=== WHAT THE TASK REQUIRES ===
Copy, without a single change, each line from the one that holds "SAAM SMIT TOWAGE BRASIL ·" to the bottom of the entries below, and drop any pictures.
Top of DATA PROVIDED
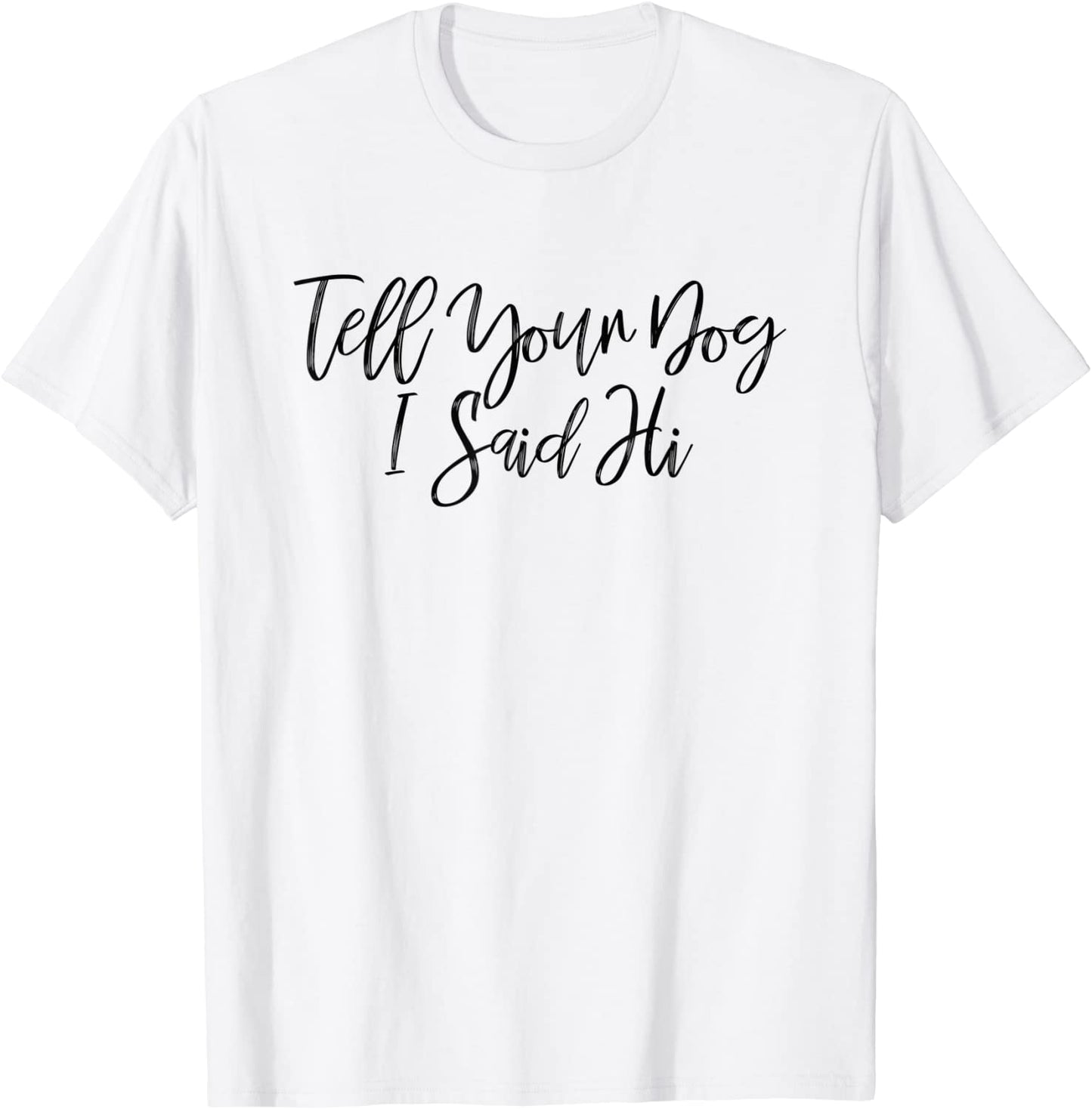 Tell Your Dog I Said Hi Shirt Dog Shirt Girly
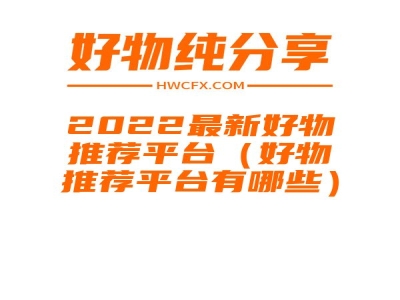 2022最新好物推荐平台（好物推荐平台有哪些）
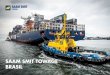 SAAM SMIT TOWAGE BRASIL · Saam Smit Towage Brasil is focused on recruiting and training Brazilian Captains, Chief Engineers, and ... Angra dos Reis 04 tugboats Dedicated to the Petrobras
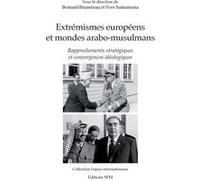 Extrémismes européens et mondes arabo-musulmans: Rapprochements stratégiques et convergences idéologiques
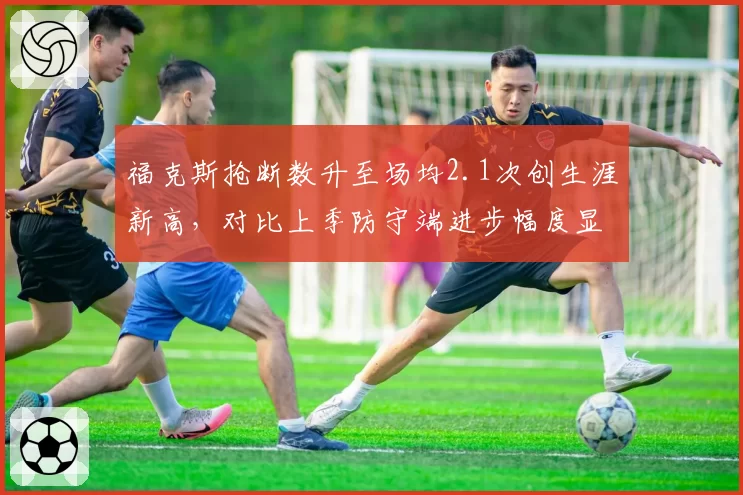 福克斯抢断数升至场均2.1次创生涯新高,对比上季防守端进步幅度显著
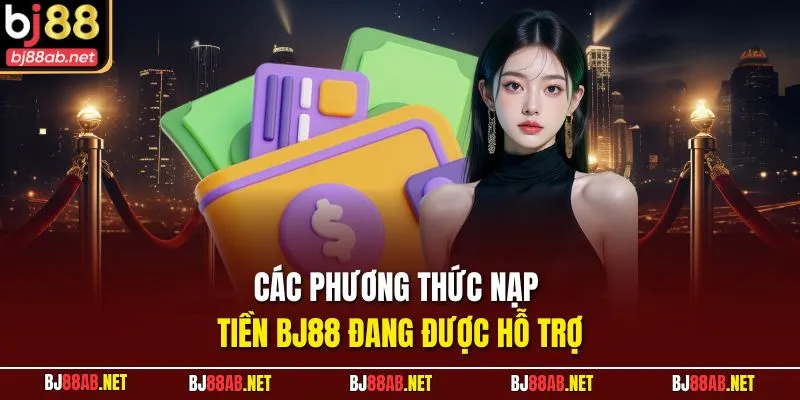 Các phương thức nạp tiền BJ88 đang được hỗ trợ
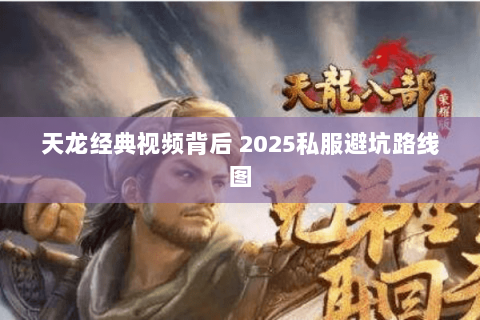 天龙经典视频背后 2025私服避坑路线图 天龙经典视频背后 2025私服避坑路线图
Bottom of DATA PROVIDED
=== SOLUTION TO THIS EXERCISE ===
 SAAM SMIT TOWAGE BRASIL · Saam Smit Towage Brasil is focused on recruiting and training Brazilian Captains, Chief Engineers, and ... Angra dos Reis 04 tugboats Dedicated to the Petrobras
 Extrémismes européens et mondes arabo-musulmans: Rapprochements stratégiques et convergences idéologiques
 福克斯抢断数升至场均2.1次创生涯新高,对比上季防守端进步幅度显著
 Các phương thức nạp tiền BJ88 đang được hỗ trợ
 天龙经典视频背后 2025私服避坑路线图 天龙经典视频背后 2025私服避坑路线图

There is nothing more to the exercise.